> _TO DO_: Copy the listing exactly, leaving out every picture.

> _SUPPLIED DATA_:
■ ■ ■ ■ ■ ■ ■
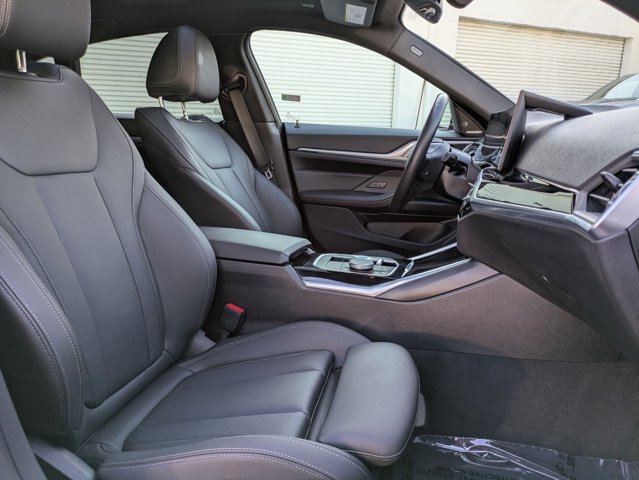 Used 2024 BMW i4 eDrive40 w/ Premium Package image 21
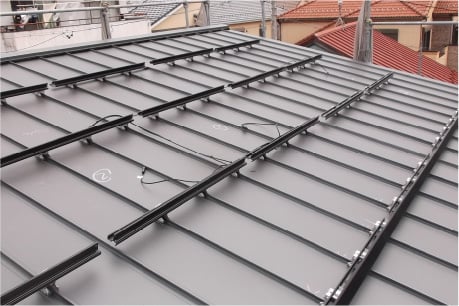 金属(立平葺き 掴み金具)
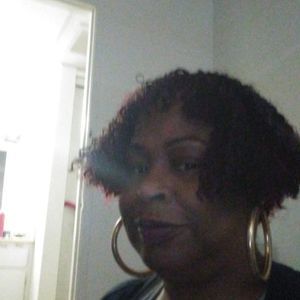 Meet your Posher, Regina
■ ■ ■ ■ ■ ■ ■
> _WRITTEN ANSWER_:
 Used 2024 BMW i4 eDrive40 w/ Premium Package image 21
 金属(立平葺き 掴み金具)
 Meet your Posher, Regina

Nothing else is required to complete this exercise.